Wednesday, 18 October 2023

People who ignored the census are off the hook.
People who ignored the census are off the hook.

No-one who refused to participate in this year’s census will be prosecuted, Stats NZ has announced.

The department said the decision had been made after “an error” was discovered in its application of the Data and Statistics Act.

Stats NZ said the legislation stated that a request for data needed to specify the section of the act the request was being made under, the date people must respond by and the consequence of non-compliance, for example, facing a fine or prosecution.

But Stats NZ said it had failed to meet those requirements in full.

“We accept that we needed to be more specific with respondents.

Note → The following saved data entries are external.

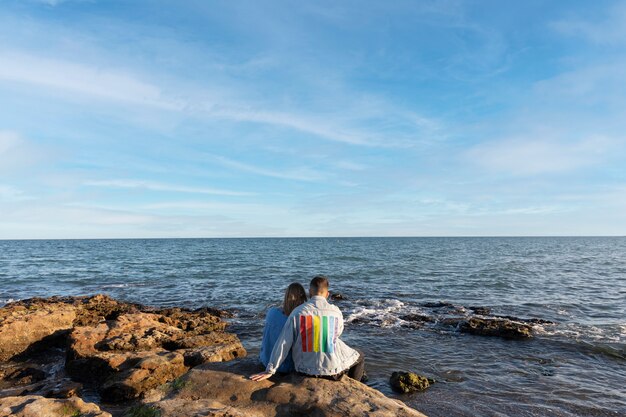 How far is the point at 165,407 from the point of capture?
5.07 metres

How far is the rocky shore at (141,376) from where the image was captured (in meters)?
5.25

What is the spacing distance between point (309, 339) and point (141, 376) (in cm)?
466

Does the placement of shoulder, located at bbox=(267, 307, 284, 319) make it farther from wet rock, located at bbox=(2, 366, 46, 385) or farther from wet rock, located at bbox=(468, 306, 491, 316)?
wet rock, located at bbox=(468, 306, 491, 316)

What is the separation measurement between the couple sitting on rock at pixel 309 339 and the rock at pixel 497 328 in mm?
10650

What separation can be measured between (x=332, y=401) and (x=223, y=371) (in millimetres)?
1911

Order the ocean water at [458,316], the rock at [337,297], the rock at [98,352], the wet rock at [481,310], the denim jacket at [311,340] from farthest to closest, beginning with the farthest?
the rock at [337,297]
the wet rock at [481,310]
the ocean water at [458,316]
the rock at [98,352]
the denim jacket at [311,340]

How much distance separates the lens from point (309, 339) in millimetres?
5719

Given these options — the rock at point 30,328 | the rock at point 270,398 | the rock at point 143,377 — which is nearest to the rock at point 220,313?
the rock at point 30,328

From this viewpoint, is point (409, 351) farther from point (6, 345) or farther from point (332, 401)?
point (6, 345)

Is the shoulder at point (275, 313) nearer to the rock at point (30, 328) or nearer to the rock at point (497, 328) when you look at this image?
the rock at point (30, 328)

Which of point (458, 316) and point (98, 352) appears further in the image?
point (458, 316)

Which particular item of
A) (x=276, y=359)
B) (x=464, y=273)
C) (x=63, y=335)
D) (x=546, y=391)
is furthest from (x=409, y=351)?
(x=464, y=273)

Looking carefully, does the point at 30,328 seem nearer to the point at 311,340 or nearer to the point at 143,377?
the point at 143,377

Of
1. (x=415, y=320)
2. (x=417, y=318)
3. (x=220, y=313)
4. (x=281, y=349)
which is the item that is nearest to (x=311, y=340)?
(x=281, y=349) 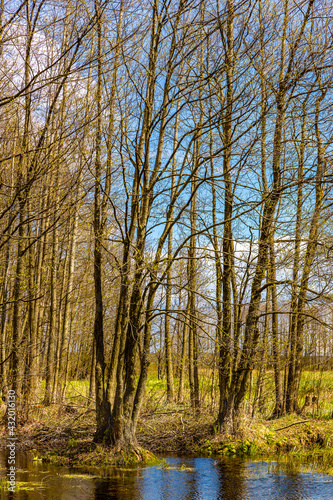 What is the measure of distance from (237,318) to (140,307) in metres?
2.37

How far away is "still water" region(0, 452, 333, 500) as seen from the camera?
20.6ft

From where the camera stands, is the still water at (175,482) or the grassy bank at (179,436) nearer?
the still water at (175,482)

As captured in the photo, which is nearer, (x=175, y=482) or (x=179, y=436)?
(x=175, y=482)

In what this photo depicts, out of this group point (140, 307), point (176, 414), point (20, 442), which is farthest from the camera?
point (176, 414)

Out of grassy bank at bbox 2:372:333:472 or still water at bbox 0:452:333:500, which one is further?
grassy bank at bbox 2:372:333:472

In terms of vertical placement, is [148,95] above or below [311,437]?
above

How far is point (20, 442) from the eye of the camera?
9.34m

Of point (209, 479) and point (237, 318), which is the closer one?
point (209, 479)

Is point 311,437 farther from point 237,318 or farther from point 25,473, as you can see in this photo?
point 25,473

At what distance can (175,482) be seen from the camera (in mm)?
6957

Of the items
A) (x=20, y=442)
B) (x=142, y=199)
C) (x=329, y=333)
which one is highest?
(x=142, y=199)

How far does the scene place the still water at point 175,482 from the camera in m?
6.29

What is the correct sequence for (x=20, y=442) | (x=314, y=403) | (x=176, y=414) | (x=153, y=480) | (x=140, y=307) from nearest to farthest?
(x=153, y=480), (x=140, y=307), (x=20, y=442), (x=176, y=414), (x=314, y=403)

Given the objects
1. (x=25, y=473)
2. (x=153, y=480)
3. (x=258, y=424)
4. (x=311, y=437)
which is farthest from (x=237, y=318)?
(x=25, y=473) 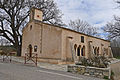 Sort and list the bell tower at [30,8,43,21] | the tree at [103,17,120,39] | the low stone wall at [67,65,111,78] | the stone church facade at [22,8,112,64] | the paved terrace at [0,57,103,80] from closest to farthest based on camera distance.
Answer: the paved terrace at [0,57,103,80], the low stone wall at [67,65,111,78], the stone church facade at [22,8,112,64], the bell tower at [30,8,43,21], the tree at [103,17,120,39]

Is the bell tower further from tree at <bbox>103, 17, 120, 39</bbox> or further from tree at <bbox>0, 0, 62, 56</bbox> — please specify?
tree at <bbox>103, 17, 120, 39</bbox>

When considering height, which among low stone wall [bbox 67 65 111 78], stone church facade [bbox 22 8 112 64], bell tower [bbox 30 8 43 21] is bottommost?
low stone wall [bbox 67 65 111 78]

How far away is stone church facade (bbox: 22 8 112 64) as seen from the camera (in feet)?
46.1

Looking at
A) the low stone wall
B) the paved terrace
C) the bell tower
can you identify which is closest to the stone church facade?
the bell tower

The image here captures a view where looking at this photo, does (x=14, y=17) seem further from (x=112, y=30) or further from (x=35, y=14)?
(x=112, y=30)

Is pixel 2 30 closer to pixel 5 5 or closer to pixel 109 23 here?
pixel 5 5

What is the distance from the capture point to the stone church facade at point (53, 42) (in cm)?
1406

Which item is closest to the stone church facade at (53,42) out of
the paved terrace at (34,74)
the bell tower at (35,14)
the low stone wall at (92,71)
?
the bell tower at (35,14)

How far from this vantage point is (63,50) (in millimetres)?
13969

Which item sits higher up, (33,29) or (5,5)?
(5,5)

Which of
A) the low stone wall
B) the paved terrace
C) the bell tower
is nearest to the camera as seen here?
the paved terrace

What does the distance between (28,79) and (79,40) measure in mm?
11880

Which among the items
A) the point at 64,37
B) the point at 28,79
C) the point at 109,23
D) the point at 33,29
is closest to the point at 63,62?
the point at 64,37

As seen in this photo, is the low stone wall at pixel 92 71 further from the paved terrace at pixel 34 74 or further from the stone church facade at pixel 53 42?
the stone church facade at pixel 53 42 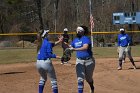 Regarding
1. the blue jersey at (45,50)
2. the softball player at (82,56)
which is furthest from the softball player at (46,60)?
the softball player at (82,56)

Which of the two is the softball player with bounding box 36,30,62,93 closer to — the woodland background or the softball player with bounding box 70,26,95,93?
the softball player with bounding box 70,26,95,93

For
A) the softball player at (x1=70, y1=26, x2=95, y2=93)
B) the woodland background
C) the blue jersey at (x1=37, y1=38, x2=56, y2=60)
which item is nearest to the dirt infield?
the softball player at (x1=70, y1=26, x2=95, y2=93)

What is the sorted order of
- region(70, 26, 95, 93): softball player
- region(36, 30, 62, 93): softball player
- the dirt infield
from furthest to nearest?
the dirt infield → region(70, 26, 95, 93): softball player → region(36, 30, 62, 93): softball player

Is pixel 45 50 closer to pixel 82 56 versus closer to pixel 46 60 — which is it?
pixel 46 60

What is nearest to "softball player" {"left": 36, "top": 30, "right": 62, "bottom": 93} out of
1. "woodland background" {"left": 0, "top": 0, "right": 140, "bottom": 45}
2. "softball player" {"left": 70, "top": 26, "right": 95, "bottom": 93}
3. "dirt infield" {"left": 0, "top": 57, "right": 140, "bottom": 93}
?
"softball player" {"left": 70, "top": 26, "right": 95, "bottom": 93}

We did not meet all the requirements of the act in detail, and as a result have decided not to proceed with prosecutions for the 2023 Census,” the department said in a statement on its website.

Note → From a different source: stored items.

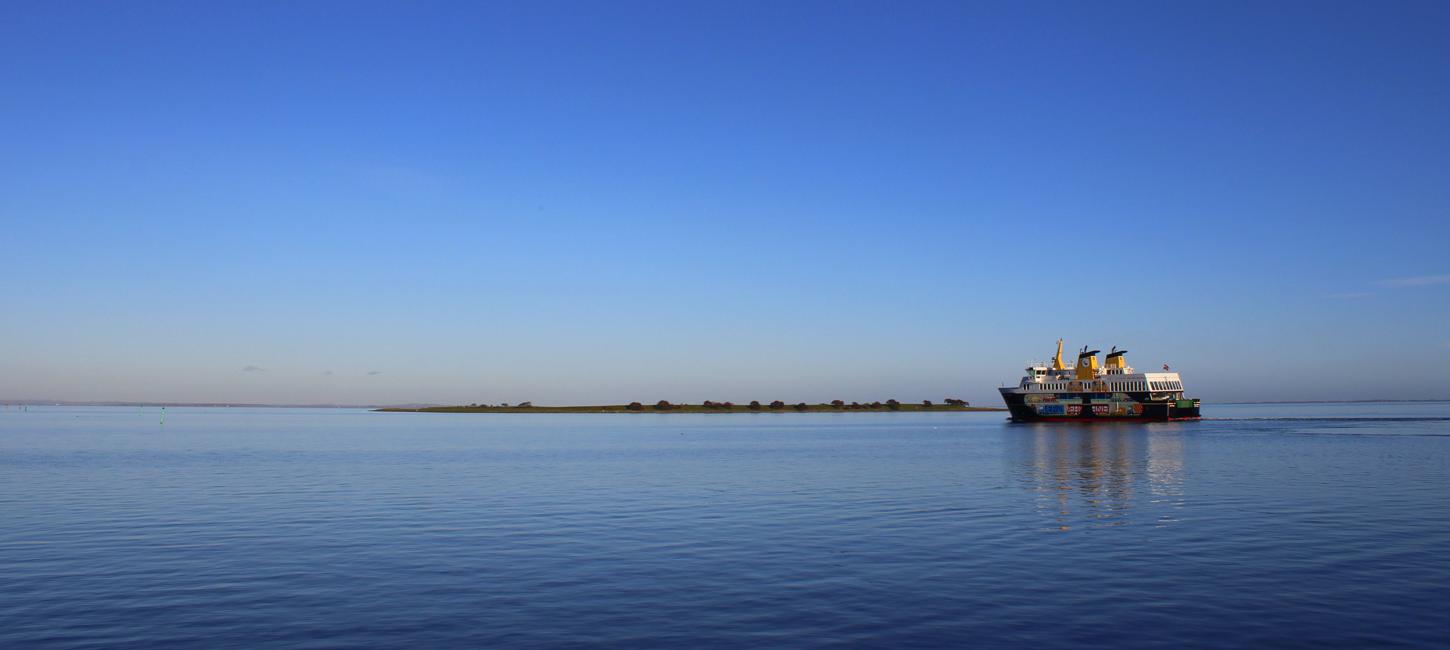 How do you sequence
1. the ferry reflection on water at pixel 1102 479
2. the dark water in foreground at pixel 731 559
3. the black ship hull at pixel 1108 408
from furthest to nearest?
the black ship hull at pixel 1108 408
the ferry reflection on water at pixel 1102 479
the dark water in foreground at pixel 731 559

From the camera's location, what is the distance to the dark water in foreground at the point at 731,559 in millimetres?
18859

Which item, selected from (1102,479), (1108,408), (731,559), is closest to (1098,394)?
(1108,408)

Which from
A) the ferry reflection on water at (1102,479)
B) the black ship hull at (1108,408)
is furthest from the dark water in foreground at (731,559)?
the black ship hull at (1108,408)

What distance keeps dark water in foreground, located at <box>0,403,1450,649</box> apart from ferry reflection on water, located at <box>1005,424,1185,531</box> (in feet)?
1.33

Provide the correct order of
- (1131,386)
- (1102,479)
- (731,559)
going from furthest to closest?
(1131,386) < (1102,479) < (731,559)

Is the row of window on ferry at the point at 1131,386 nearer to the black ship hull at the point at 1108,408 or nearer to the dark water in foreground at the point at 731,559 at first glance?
the black ship hull at the point at 1108,408

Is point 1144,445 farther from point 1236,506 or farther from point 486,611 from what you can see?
point 486,611

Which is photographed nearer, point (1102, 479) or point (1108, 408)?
point (1102, 479)

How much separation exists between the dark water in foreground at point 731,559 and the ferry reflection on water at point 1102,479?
41 cm

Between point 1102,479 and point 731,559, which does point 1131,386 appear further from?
point 731,559

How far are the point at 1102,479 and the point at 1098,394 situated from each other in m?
114

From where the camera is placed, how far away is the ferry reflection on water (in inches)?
1485

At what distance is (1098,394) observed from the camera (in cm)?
16162

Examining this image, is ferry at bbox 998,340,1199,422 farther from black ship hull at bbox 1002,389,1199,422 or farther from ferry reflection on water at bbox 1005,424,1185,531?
ferry reflection on water at bbox 1005,424,1185,531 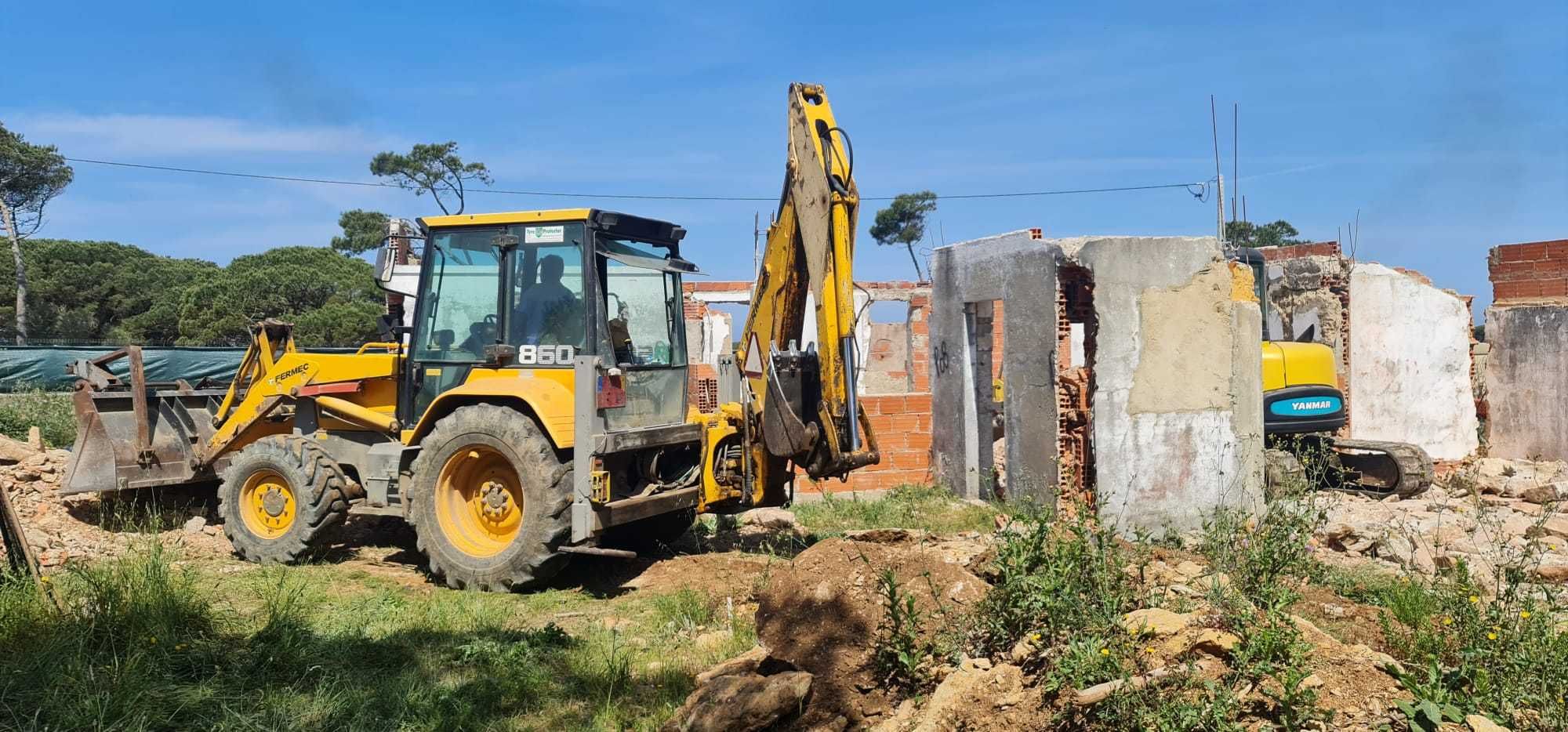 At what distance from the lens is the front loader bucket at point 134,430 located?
796 centimetres

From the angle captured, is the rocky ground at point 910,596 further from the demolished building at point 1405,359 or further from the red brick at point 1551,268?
the red brick at point 1551,268

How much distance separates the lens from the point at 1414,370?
516 inches

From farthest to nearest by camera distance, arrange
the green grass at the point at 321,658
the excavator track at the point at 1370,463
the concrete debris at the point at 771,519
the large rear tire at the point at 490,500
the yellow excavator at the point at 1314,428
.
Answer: the excavator track at the point at 1370,463
the yellow excavator at the point at 1314,428
the concrete debris at the point at 771,519
the large rear tire at the point at 490,500
the green grass at the point at 321,658

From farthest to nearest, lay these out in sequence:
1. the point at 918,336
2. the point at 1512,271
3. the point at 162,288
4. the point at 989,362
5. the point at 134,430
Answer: the point at 162,288 → the point at 918,336 → the point at 1512,271 → the point at 989,362 → the point at 134,430

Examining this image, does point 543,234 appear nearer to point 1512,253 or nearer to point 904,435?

Stats NZ chief executive Mark Sowden believes the census will have to change (video first published in July 2023).

“We are undertaking an internal review to understand how we fell short of meeting all aspects of the legislative requirements of our new act, to learn from it and take action to ensure it does not happen again.”

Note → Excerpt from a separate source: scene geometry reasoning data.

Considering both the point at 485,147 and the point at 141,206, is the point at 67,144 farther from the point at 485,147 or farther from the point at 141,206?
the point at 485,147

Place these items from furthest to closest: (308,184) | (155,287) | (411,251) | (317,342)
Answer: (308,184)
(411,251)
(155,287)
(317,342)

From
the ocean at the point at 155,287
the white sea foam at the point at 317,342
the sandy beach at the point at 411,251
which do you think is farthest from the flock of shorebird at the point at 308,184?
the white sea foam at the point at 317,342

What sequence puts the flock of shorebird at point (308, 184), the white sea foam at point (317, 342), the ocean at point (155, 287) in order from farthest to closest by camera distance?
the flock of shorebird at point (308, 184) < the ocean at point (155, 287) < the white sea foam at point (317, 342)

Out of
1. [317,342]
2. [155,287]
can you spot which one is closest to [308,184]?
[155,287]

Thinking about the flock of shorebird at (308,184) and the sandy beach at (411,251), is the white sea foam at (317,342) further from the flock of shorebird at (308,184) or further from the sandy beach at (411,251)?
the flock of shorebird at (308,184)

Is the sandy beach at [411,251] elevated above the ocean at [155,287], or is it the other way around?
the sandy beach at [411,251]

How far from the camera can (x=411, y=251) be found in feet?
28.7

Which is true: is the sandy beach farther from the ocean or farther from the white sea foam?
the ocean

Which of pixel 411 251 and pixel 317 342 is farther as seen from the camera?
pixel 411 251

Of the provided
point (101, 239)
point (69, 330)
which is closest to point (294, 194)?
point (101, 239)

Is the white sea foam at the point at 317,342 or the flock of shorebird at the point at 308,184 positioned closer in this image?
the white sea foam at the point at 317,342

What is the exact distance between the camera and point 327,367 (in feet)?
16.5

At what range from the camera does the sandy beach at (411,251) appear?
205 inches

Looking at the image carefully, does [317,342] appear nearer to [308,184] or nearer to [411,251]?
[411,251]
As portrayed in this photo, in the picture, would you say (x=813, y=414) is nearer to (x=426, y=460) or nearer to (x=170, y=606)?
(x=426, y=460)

Filling in the census is a legal requirement.

But Stats NZ typically only prosecutes a few dozen people for failing to complete the census, commonly concentrating on people who actively encourage others not to comply or are abusive, rather than those who kept quiet and simply didn’t bother to fill in the forms.

A spokesperson said it was “proceeding down a process” this time, before identifying it was “not as clear as we could have been in looking to interpret the act, so the decision was made on that basis”.

Stats NZ deputy director Simon Mason said it had got as far as identifying a “pool of candidates” for prosecution before discovering its error.

Government statistician Mark Sowden made the call to abandon the process based on legal advice, Mason said.

The 2023 Census, conducted at a record cost of about $320 million, may mark the second time in a row that Stats NZ has failed to achieve its target of getting at least 90% of people to participate in the census.

However, Sowden has forecast it won’t know that until next year as it would be a close-run thing.

The department planned in future to switch away from prosecuting people who broke the law by refusing to provide it with required information and would instead issue infringement notices that worked similarly to a parking ticket, Mason said.

The Data and Statistics Act, which was passed last year, allowed for either prosecutions or infringement notices, but it had originally decided on going down the route of prosecutions when the census was being planned, he said.

Sowden said in July that this year’s census could be the last that Stats NZ conducted in its current form and that it could instead follow the example mapped out in Britain by relying on information it can get from other sources.

However, the census is only one of the datasets that Stats NZ compiles and it is expected to still have a ongoing requirement for some people to supply it with information.